4 thoughts on “Monumentizing Doesn’t Magically Produce More Funding: San Gabriel Version”

  1. There’s the same problem with Bears Ears National Monument. It covers like an 8th of the state of Utah. Monument status is attracting a lot more people to visit the area, and it also requires the BLM to crack down and enact a bunch of additional restrictions micromanaging what the public is allowed to do there. But no matter what the monument proclamation or the eventual management plan says, the BLM has no hope of being able to enforce much of anything with the handful or law enforcement officials in the Monticello Field Office. And monument status did not give them any additional funding, so they’re just expected to do more with the same resources they had before. That’s not “protecting” anything.

  2. About time a spotlight was put on this Monument. It is one of the most foolish ever designated. Belen Bernal should rename her outfit “trash for all”. This clueless non profit and other similar usual suspects like Wilderness Society and Sierra Club have crowed for years about their blessed monument, locking arms with one of the nations most ignorant yet entrenched politicians, Judy Chu. Now they have turned their focus to busing more people into the Angeles, a sure recipe for other great LA nature destinations like Switzer Falls and Mt. Wilson to become trashed, just like East Fork. Local FS leadership fall all over themselves to support this. But take a look at any of the pressers or photo ops for this NM. You will not see the Forest Service shield anywhere, a deliberate slap in the face to hardworking people who take the low pay for a futile attempt to clean up this disgusting canyon. This NM was Chu’s revenge after the Park Service studied the area and passed on Park or Nat. Rec Area designation and NPS take over. The FS may have got their own bit of payback.

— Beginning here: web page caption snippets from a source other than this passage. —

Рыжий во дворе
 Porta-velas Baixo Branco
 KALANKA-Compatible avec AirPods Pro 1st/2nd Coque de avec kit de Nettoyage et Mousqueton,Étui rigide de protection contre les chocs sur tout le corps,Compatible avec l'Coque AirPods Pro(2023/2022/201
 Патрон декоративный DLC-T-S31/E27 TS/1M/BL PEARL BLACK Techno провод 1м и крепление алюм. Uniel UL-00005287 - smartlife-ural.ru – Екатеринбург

First there was a stupidly drawn, arbitrary boundary that resulted in sacking of the Forest Sup, Ranger, and Dep. Regional Forester. Then a reorganization from 3 Districts (logically drawn on watershed boundaries) down to 2. Finally culminating in wasting millions and 4 years on a Monument Plan amendment that promised “social justice”. In hindsight that plan should have emphasized more practical matters like limiting visitor numbers and buying more dumpsters. I guess Obama and allies figured it should be the FS’s job to fix the crappy mess state and local agencies made in economically segregated and population bleeding LA County. What a bill of goods the local residents and all Americans were sold by this debacle. Without limits on # of cars and people it’s only a matter of time before there is a mass casualty fire. The FS needs to press the State and County who operate the highways into the forest to count cars and turn people away. And double the capacity of trash haul trucks and dumpsters, as well as people. The notion the Forest cannot afford this is totally unsubstantiated. Ask anyone who has tried to FOIA the agency for budget information, you’ll get a true definition of smoke and mirrors. The idea that education will get people to change behavior is noble but incredibly naive. Better get up early if you want social justice at Angeles NF.

    • OKS.. this seems like a good story for a reporter.. do you know anyone who has tried to FOIA the Angeles for budget info?Tell us more about the sacking of the Forest Sup ranger and DRF.. Also do you have links to the NPS report and the Monument Plan?

  3. NPS Special Resource Studies –

    Schiff could not be outdone by Chu, so there was another SRS 3 years later called Rim of the Valley, including some lands overlapping the previous –

    Here’s the SGMNM Plan –

    Will just say that within a year of NM designation, DR retired, F. Sup. was “transferred” to Region, and DRF moved to another region.